‘Inigo has never asked me not to write this book, but I had come to wonder whether I would have had the courage to write it were he not imprisoned,’ confesses Orlando Whitfield in his coruscating memoir of his friendship with Inigo Philbrick. He was the art dealer whose meteoric career exploded in spectacular style when he was convicted, aged 35, of wire fraud in 2022. Imagine Whitfield’s alarm on hearing that Philbrick had been released from prison in time for publication.
By ‘flipping’ art works, Philbrick increased his earnings from ‘£35k a year to £35k a month’
Philbrick, who owes $86,672,790 in restitution payments, will have ample opportunity – and cash incentives – to give his side. Producers have come knocking, and an upcoming BBC series offers ‘exclusive documentary access’ to him and his fiancée, the Made in Chelsea star Victoria Baker-Harber. Meanwhile, HBO is adapting Whitfield’s book.

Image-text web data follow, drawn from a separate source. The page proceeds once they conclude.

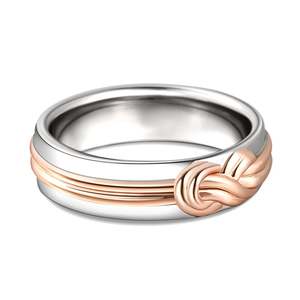 Bague d'éternité pour homme en argent sterling avec nœud de connexion éternelle Jeulia - Product Image 2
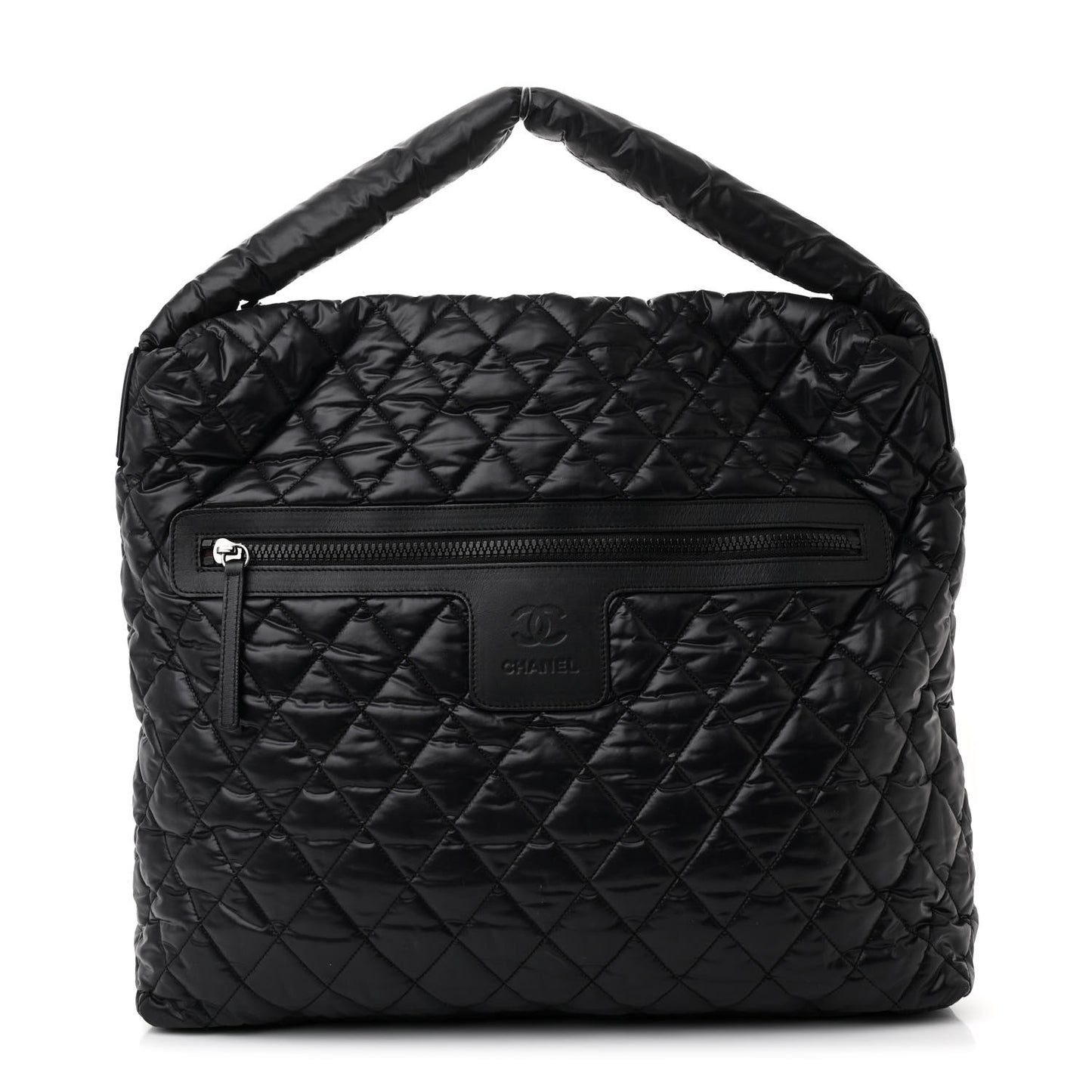 Nylon Quilted Coco Cocoon Hobo Black
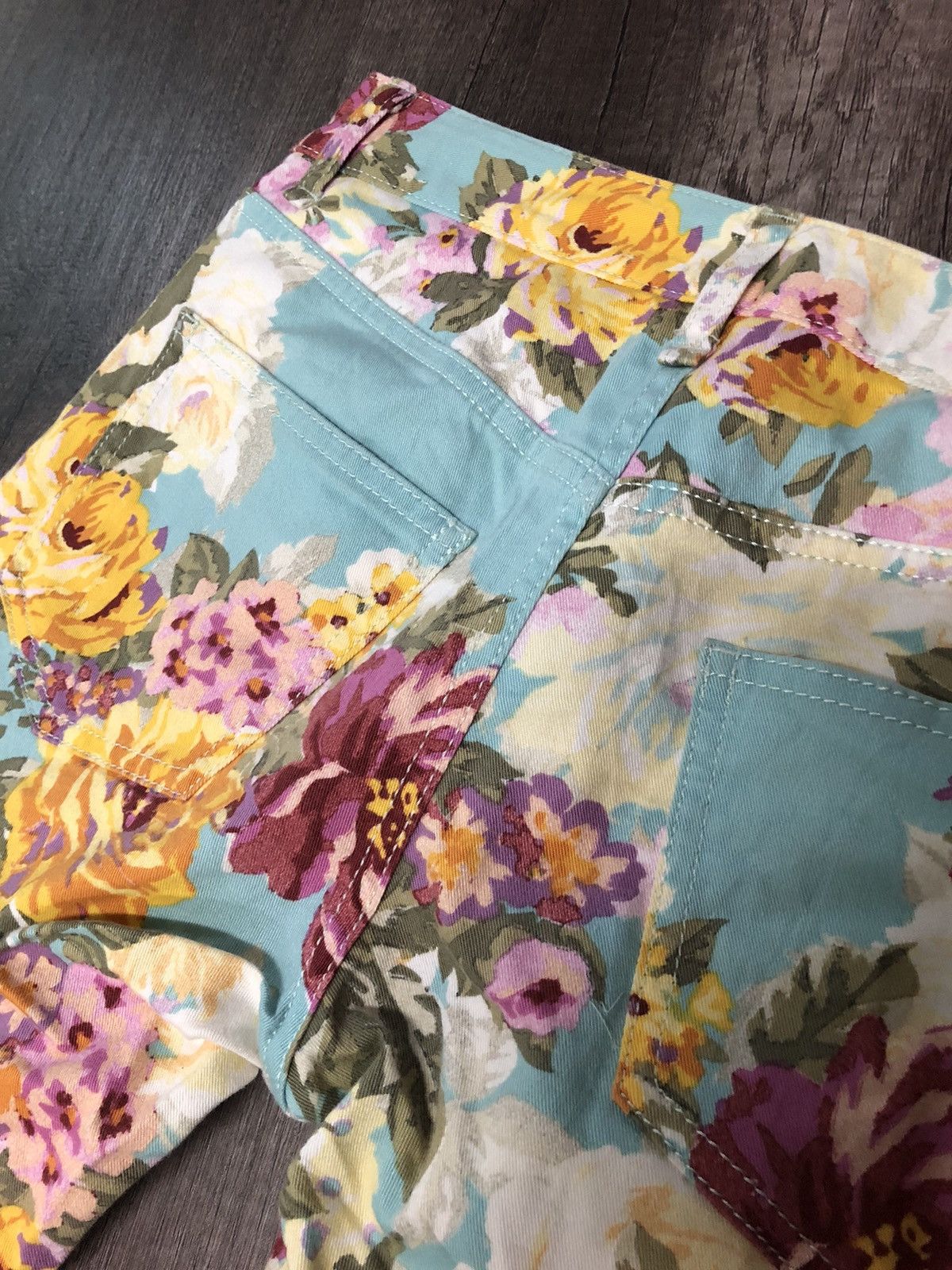 Japanese Brand × Y's × Yohji Yamamoto Vintage Ined Yohji Yamamoto Flower Pant Size 29" - 8 Thumbnail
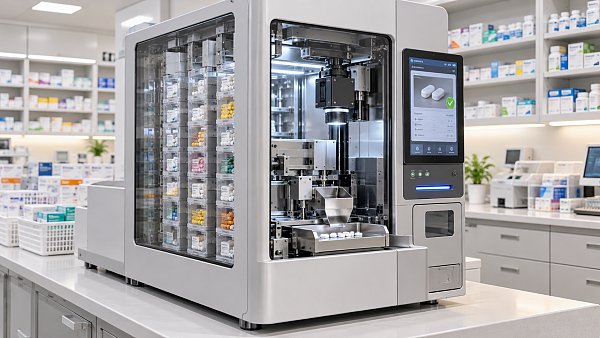 Queue Unveils Robotic Pharmacy Kiosk With Capacity for 340 Medications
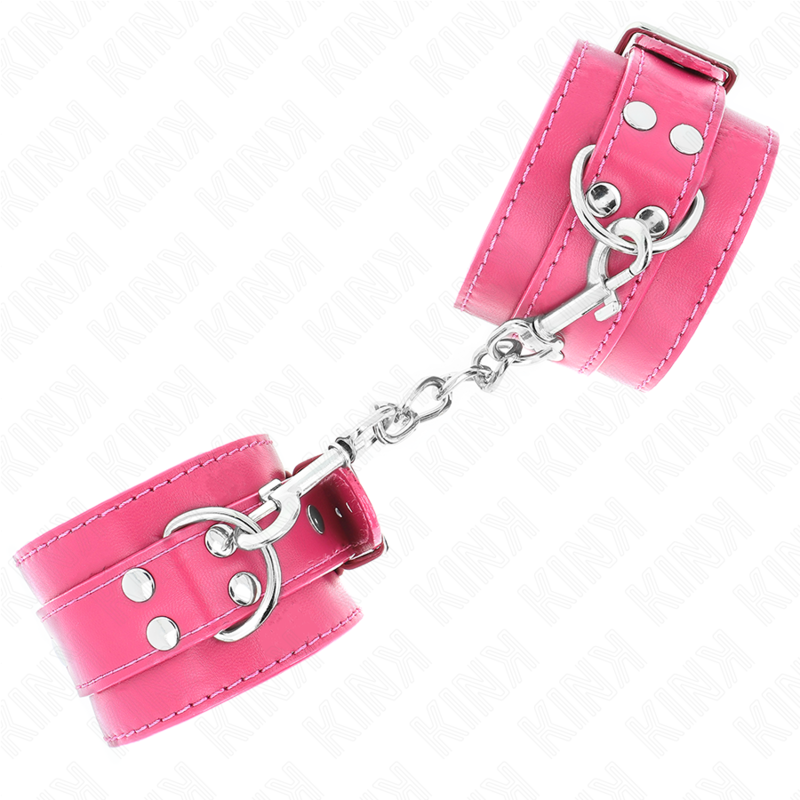img_189400_7e430407b63e815850c5dbb9bebaad34_1 KINK - WRIST RESTRAINTS RASPBERRY ROSE WITH RASPBERRY ROSE LINING ADJUSTABLE 20-28 CM X 5.5 CM - Image 2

The story is just the latest dish in a tasting menu of schadenfreude being served to a public greedy for hubristic scammers. Yet All That Glitters is not just a cashing-in exercise. It is a lacerating critique of the contemporary art market; a personal account of Whitfield’s disillusionment with that world, which led to a breakdown; and a conflicted elegy to a lost, formative friendship.
Whitfield, the son of a former Christie’s MD, met Philbrick, the son of the director of a Connecticut contemporary art museum, while studying art history at Goldsmith’s in 2006, and was immediately impressed by his erudition and precocious confidence. Together, they began dealing art as undergraduates. Where Whitfield was anxious and sensitive, Philbrick was steely and secretive.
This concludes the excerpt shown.